Geçtiğimiz hafta Isparta’da düşen uçakla ilgili olayın yankıları tüm medyada hafta boyu sürdü. Uçağın düşüş nedenlerini araştıran medyanın en çok bilgi almak için aradığı adres Airporthaber’di. Elimizden geldiği kadar, bilgimiz dâhilinde konuya açıklık getirmeye çalıştık ve yaptığımız tahminlerin kesin bir sonuç oluşturamayacağını, kazanın gerçek nedeninin okunmak için Almanya’ya yollanan DFDR’ların bant kayıtlarının çözümü ile sonlanacağını belirttik. Bu kaza ile ilgili olarak medyada o kadar çok saçma ve komik beyanlar çıkması, ülkemiz havacılığının kamuoyu açısından hala bir muamma olduğunu ve bu konuda çok az bilgi sahibi olunduğunu gösterdi. Düşünsenize, adına bilim adamı denilen üstelik isminin önünde prof title’ı bulunan ve hepsinden önemlisi, bir üniversitenin rektörü olan bir kişinin, KOMİK beyanı bence, haftaya damga vuran açıklamaydı. Değerli hocamız,(!) ILS’si olmayan meydanlara uçmamaya karar vermiş ve bu konuda öncülük yapmaya çalışacakmış. Üniversitesinde havacılıkla ilgi bir bölüm bile bulunmayan bir rektörün verdiği bu talihsiz beyanatı, kazada hayatını kaybeden meslektaşlarının üzüntüsünden kaynaklanan acele ve araştırılmadan verilen bir beyan olarak görmek istiyorum.
1944 yılında kurulan ICAO (Uluslararası Sivil Havacılık Teşkilatı); 1992 senesinde almış olduğu bir kararla kuruluş günleri olan 7 Aralık gününü Dünya Sivil Havacılık Günü olarak ilan etmişti.Airporthaber olarak bizler de bu güne denk getirdiğimiz “Yılın Yöneticisi “yarışmasına geçen sene başladık ve bu sene de, yani, 7 Aralık 2007 de; 2.sini kutladık. Gecenin açış konuşmasında söylediğim gibi; bizler bu yarışmayı, yani Yılın Yöneticisini seçmek gibi bir lükse sahip değiliz. Türk Sivil Havacılık sektörünün tümünün bir araya getirilmesine, her branştaki değerli yöneticilerin en azından birbirlerine MERHABA diyebilecekleri bir ortam sağlamaya çalıştık ve bunda da gerçekten başarılı olduğumuzu sanıyorum.
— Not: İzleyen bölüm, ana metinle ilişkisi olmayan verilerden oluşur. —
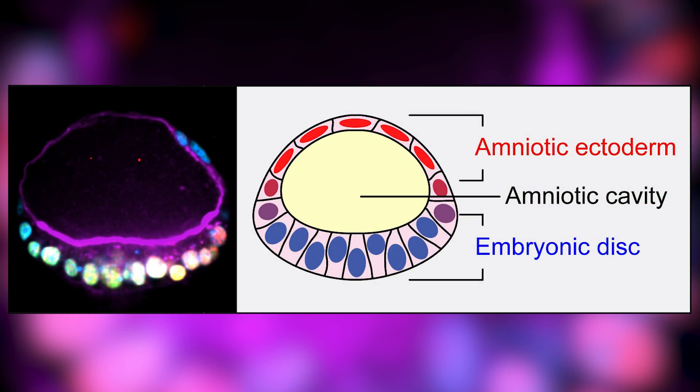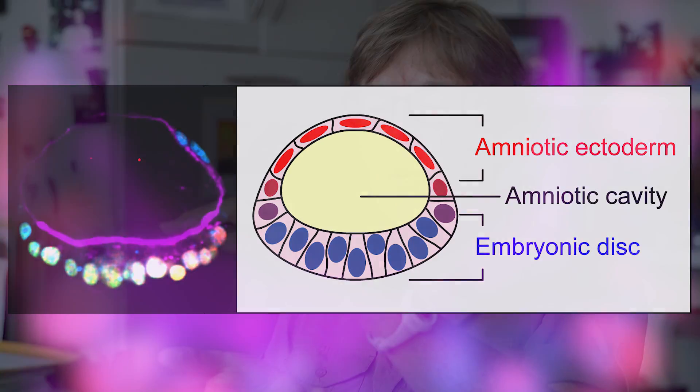The significance of our paper is that we have generated, in culture, using human embryonic stem cells, a little cyst that looks for all the world like the implanting human embryo. That structure, as it is implanting, is called the amniotic sac — and it is truly a sac. It's a hollow ball with a lumen. One side of that lumen has amnion tissue. The other side is actually the pluripotent cells that will give rise to all of the tissues and cells of the embryo proper.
Sayın Bakanın, bu organizasyonumuza özel olarak gelmesi ve gece tekrar Ankara’ya dönmesi bizleri gerçekten gururlandırdı. Bu organizasyonumuz için çok hazırlıklıydık. Sektöre çok güzel bir gece yaşatmak isteğimiz, Isparta’da yaşanan elim uçak kazası nedeniyle birçok etkinliğimizi devre dışına itti. Fakat her şeye rağmen hayatın devam ettiğini ve 7 Aralıkların yaşanması gerektiğini düşünerek, kazada hayatını yitiren vatandaşlarımıza saygımız gereği önceden planladığımız eğlence bölümünü kaldırarak ve saygı duruşumuzu ihmal etmeden gecemizi sadece ödül törenine dönüştürdük.
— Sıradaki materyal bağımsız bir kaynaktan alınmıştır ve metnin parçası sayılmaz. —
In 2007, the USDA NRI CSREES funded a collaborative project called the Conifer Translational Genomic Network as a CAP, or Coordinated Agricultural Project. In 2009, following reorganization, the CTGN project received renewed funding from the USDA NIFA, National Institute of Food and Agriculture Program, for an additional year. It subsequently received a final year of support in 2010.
Gecemize katılarak, bizlere destek veren Ulaştırma Bakanımız Sayın Binali Yıldırım’ın elinden birincilik ve onur ödüllerimiz verilirken, Sayın Bakanın gerçekten çok beğendiğim konuşması, tüm sektöre, bu kazaya rağmen büyük güç verdi. Sayın Bakan konuşmasında çok gerçekçi konulara değindi. Bunlardan bence en önemlisi, havacılık kazalarının dünyada diğer ulaşım araçlarına göre çok az olması ve bu kazaların minimize edilmesinin kendilerinin bir görevi olduğu, ama yine de bunun; ne ilk ne de son kaza olacağının bilinmesini söyleyerek, önemli olanın bu kazalardan ders alınması olduğunu vurguladı ve kazaların %86’sının insan kaynaklı olduğunu belirtti. Burada sayın Bakanın kazaların %86’sının insan kaynaklı olduğunu söylemesi ve insan kaynaklı hataları önleyecek bir aygıtın olmadığını belirtmesini son kazayla ilişkilendirenler çıkacağından ve hala okunmamış ve açıklanmamış CVR ve DFDR varken erken bulduğumu belirtmek isterim. Bu kazanın nedeni ancak, DFDR’ın çok iyi okunup ve olduğu gibi sansürsüz kamuoyuna açıklanması ile belirlenebilir.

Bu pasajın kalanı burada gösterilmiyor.